* Exercise aim:
An exact retyping of all lines below is the answer; pictures do not belong in it.

━━━ Data to process ━━━

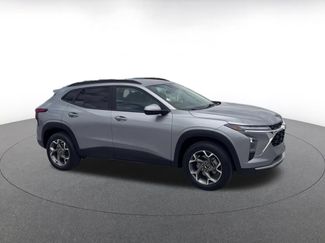 Used 2025 Chevrolet Trax LT FWD video 2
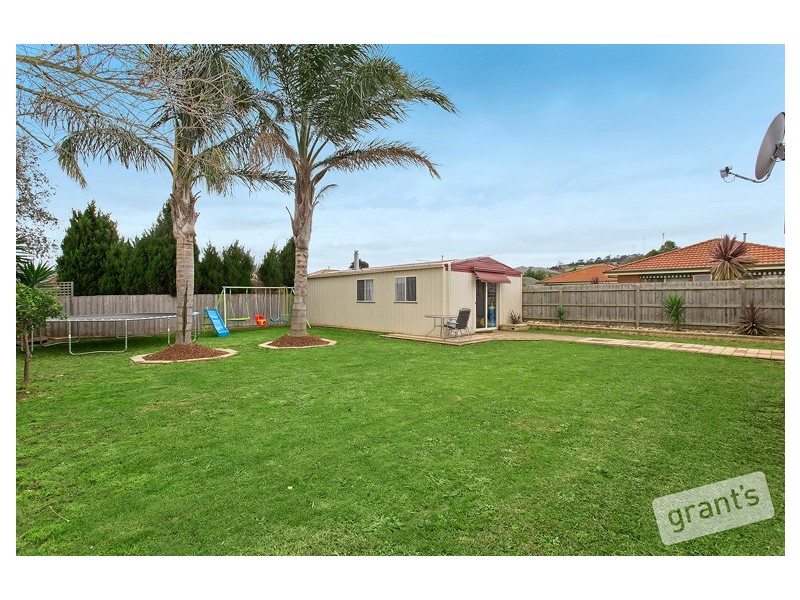 27 Leonie Court, Narre Warren VIC 3805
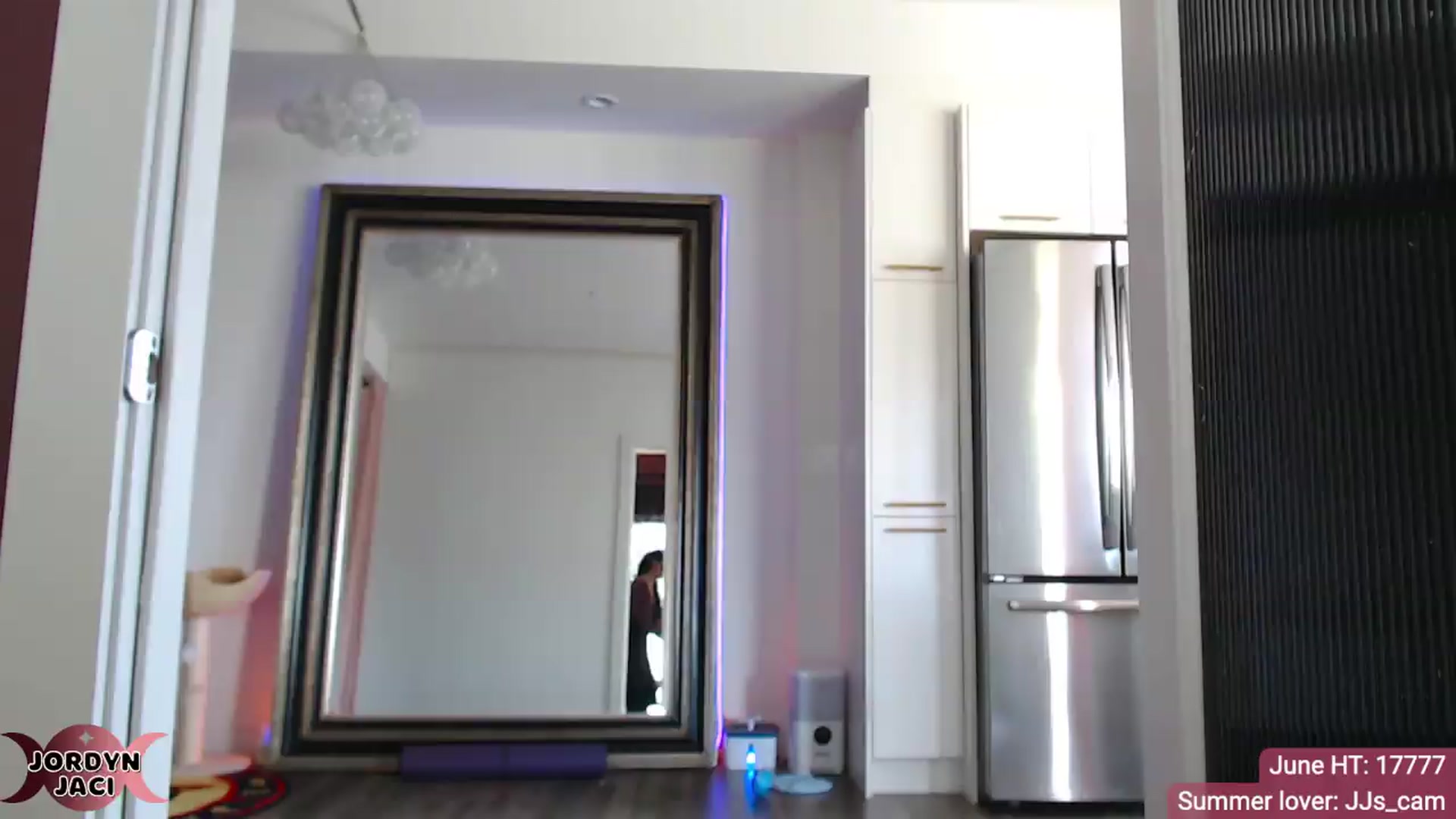 Gallery image thumbnail from JordynJaci's myfreecams stream on, 06/16/2026, 18:07 image 6 of 20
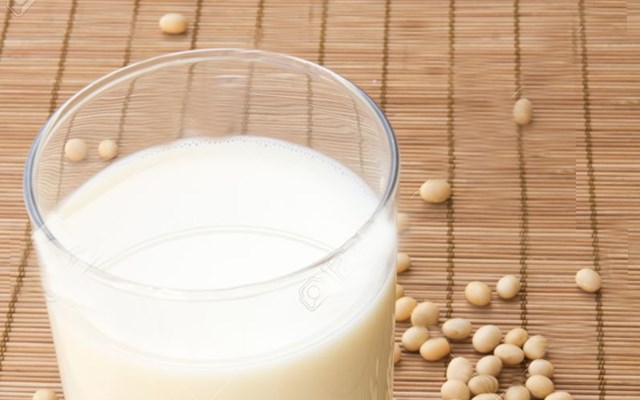 Cách làm sữa đậu nành bắp  
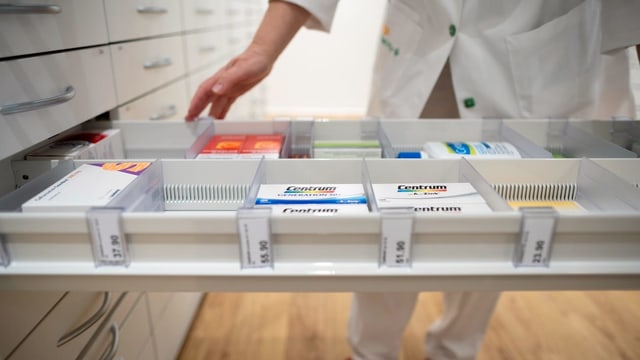 Eine Medikamenten-Schublade in einer Apotheke Eine Medikamenten-Schublade in einer Apotheke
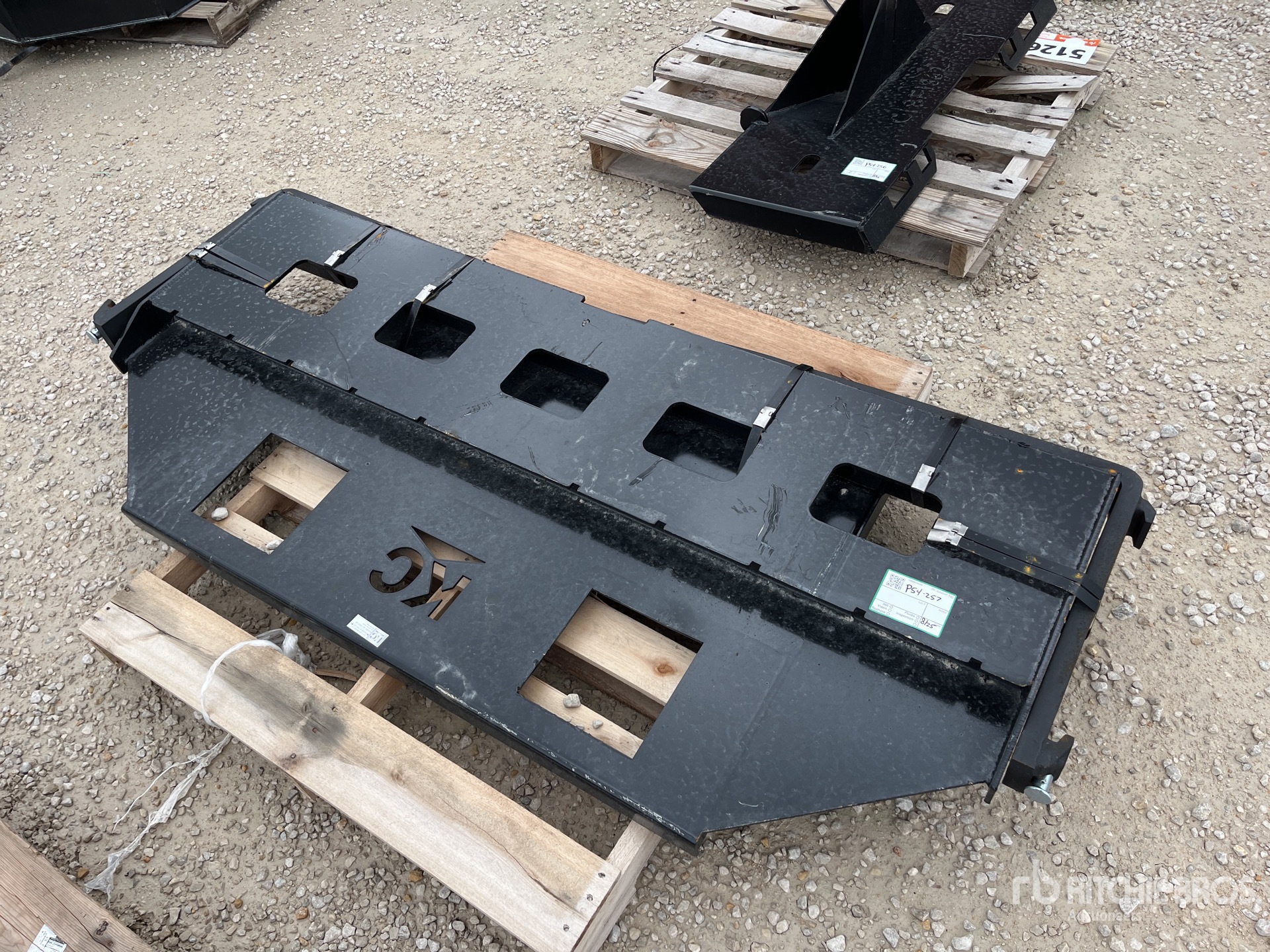 2025 Kit  Containers Fork Attachment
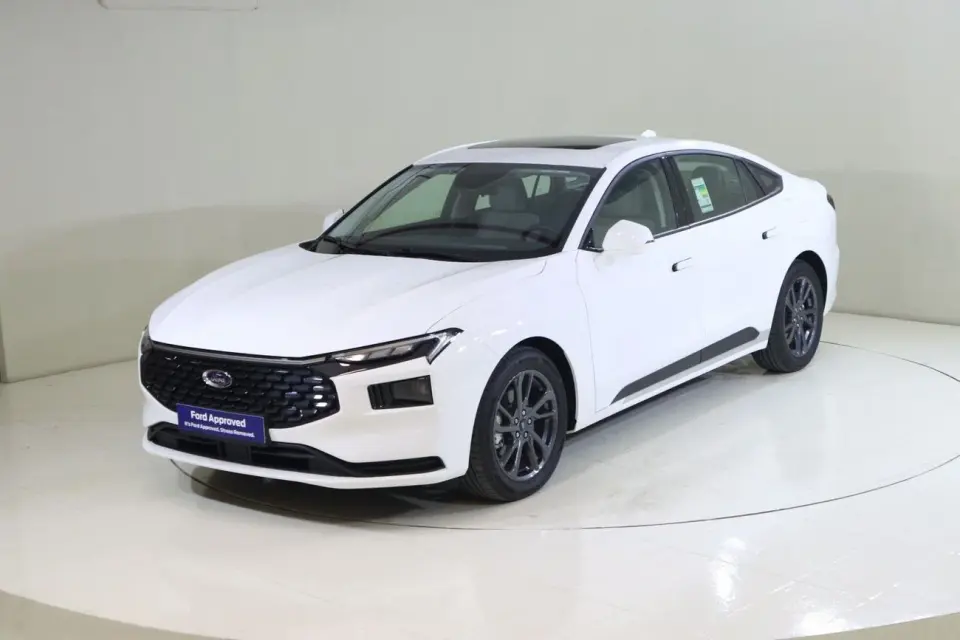 Ford Taurus AMBIENTE 2025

━━━

* Result:
 Used 2025 Chevrolet Trax LT FWD video 2
 27 Leonie Court, Narre Warren VIC 3805
 Gallery image thumbnail from JordynJaci's myfreecams stream on, 06/16/2026, 18:07 image 6 of 20
 Cách làm sữa đậu nành bắp  
 Eine Medikamenten-Schublade in einer Apotheke Eine Medikamenten-Schublade in einer Apotheke
 2025 Kit  Containers Fork Attachment
 Ford Taurus AMBIENTE 2025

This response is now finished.